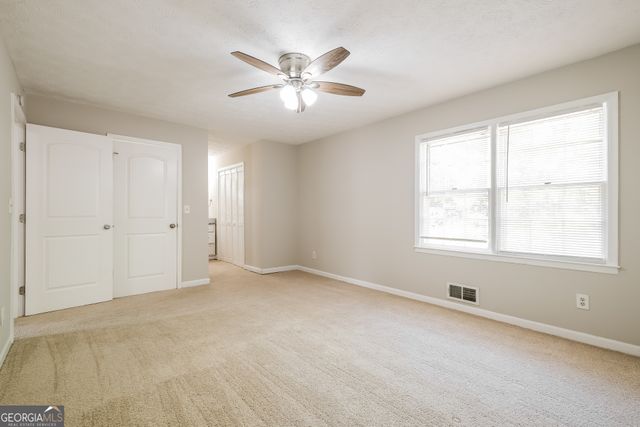 905 N Lassetter Circle, Villa Rica, GA 30180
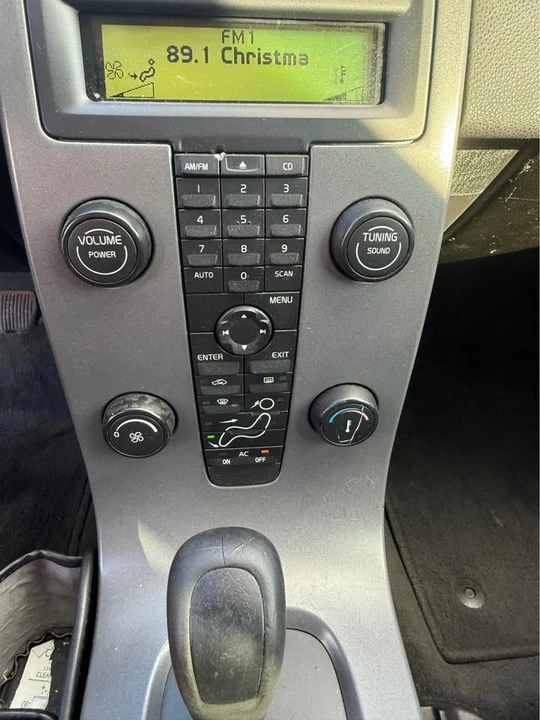 2004 Volvo S40 1st Gen - Image 2 of 11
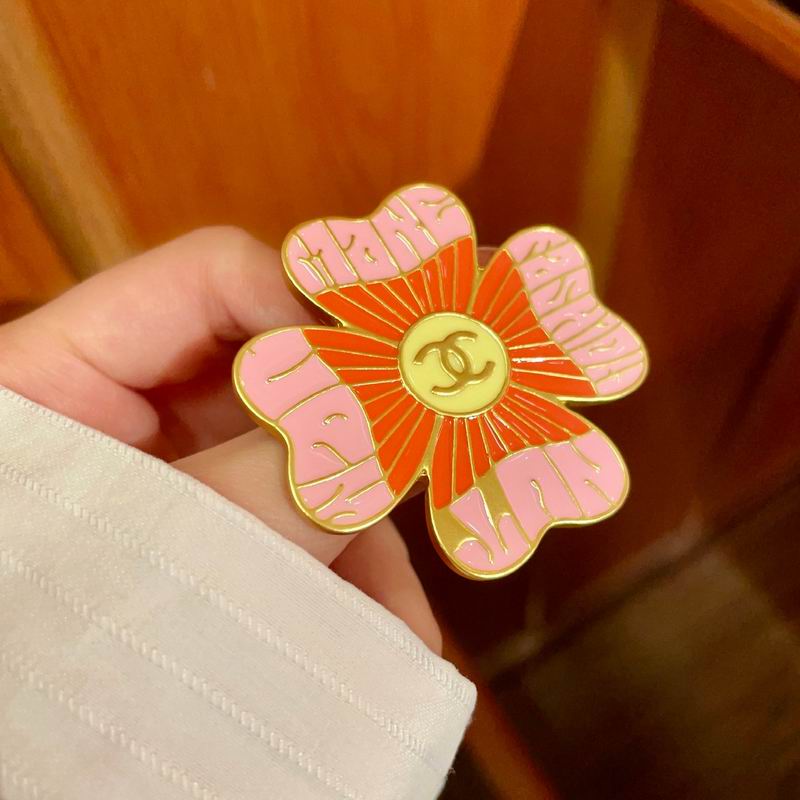 Chanel Brooch 04yxs168 (6)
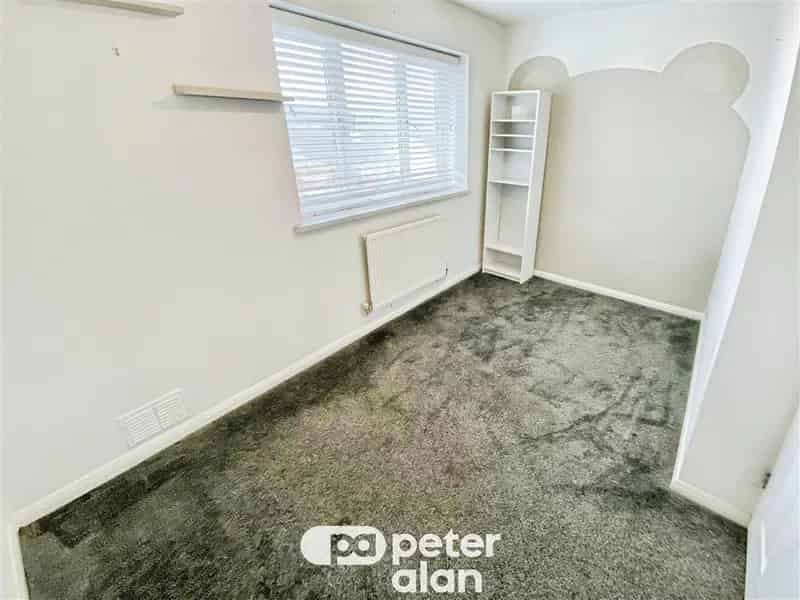 2 Bedroom End Terrace House with Garden and Parking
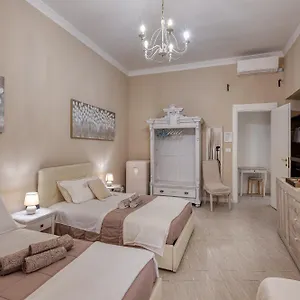  Guest house Your House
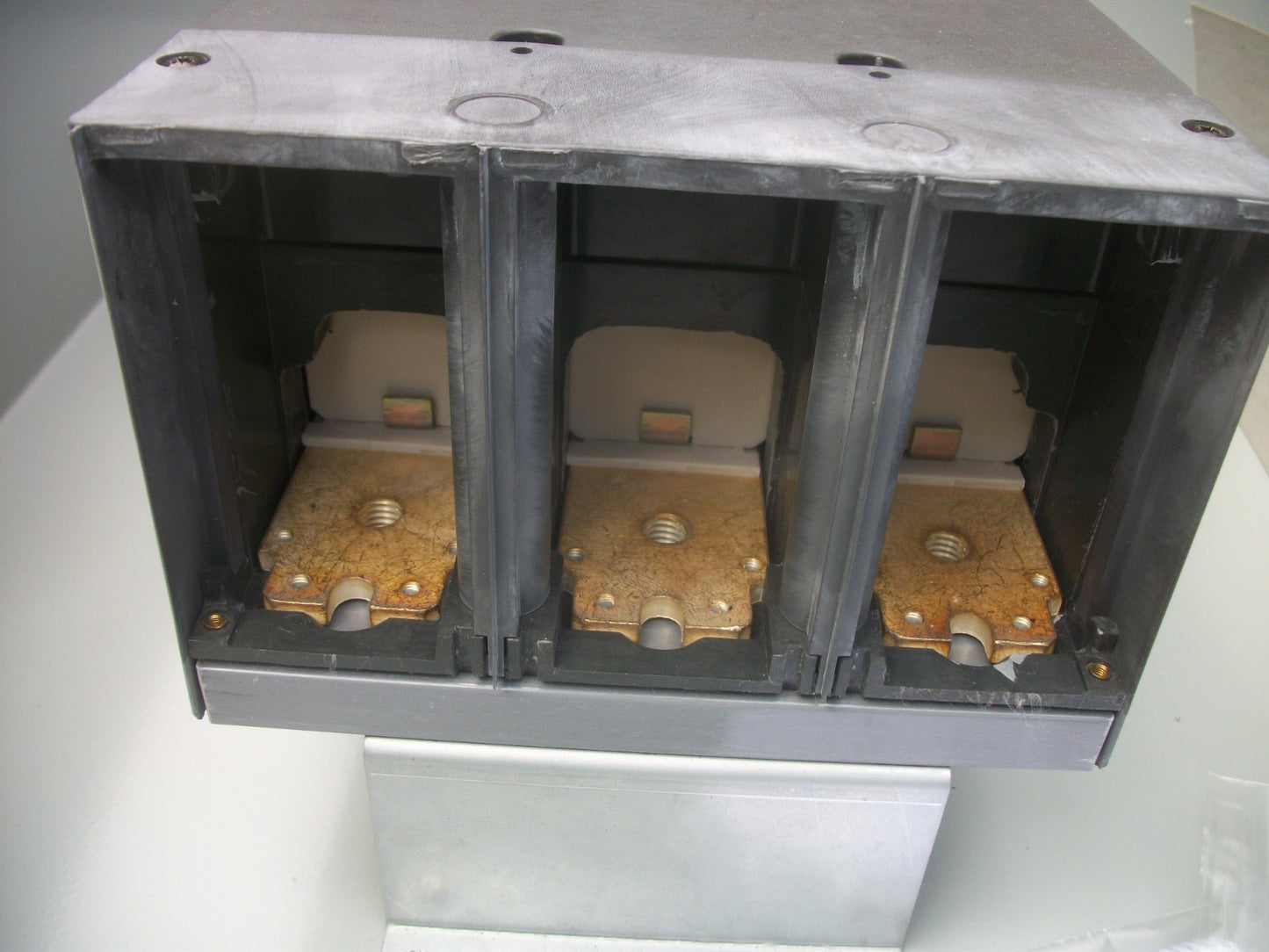 GE SPECTRA ENCL MOLDED CASE SWITCH SKDA36AN0800 800AMP 600VOLT 3POLE NEW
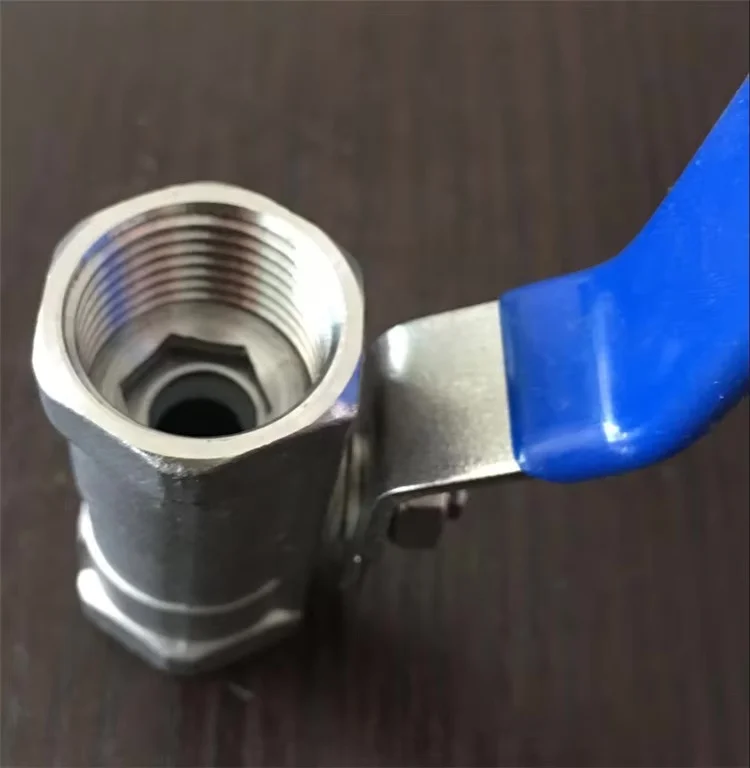 1-1/4" DN32 304 stainless one-piece internal threaded water pipe valve steel ball valve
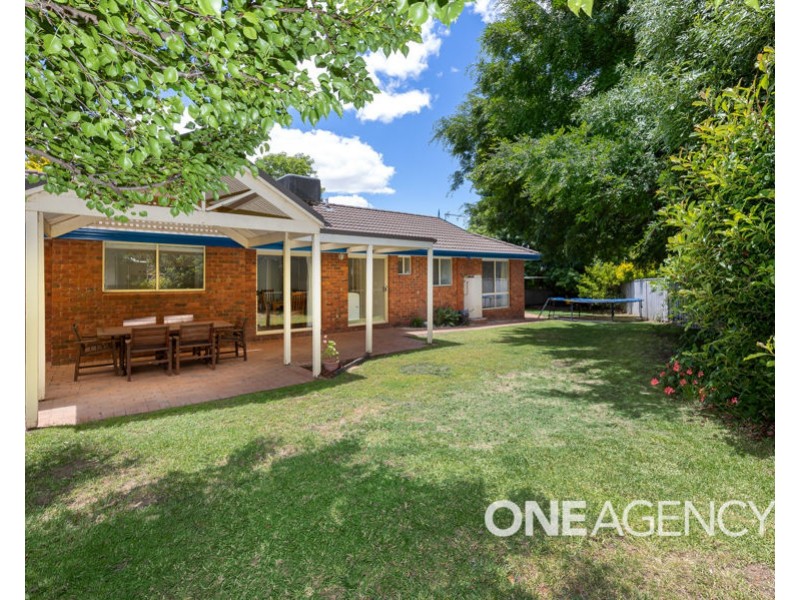 10 STOCKTON PLACE, Estella NSW 2650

------------------------------------------------------------------------

Brief =>
The records above are to be reproduced exactly; the pictures are to be left out.

Result of this exercise =>
 905 N Lassetter Circle, Villa Rica, GA 30180
 2004 Volvo S40 1st Gen - Image 2 of 11
 Chanel Brooch 04yxs168 (6)
 2 Bedroom End Terrace House with Garden and Parking
  Guest house Your House
 GE SPECTRA ENCL MOLDED CASE SWITCH SKDA36AN0800 800AMP 600VOLT 3POLE NEW
 1-1/4" DN32 304 stainless one-piece internal threaded water pipe valve steel ball valve
 10 STOCKTON PLACE, Estella NSW 2650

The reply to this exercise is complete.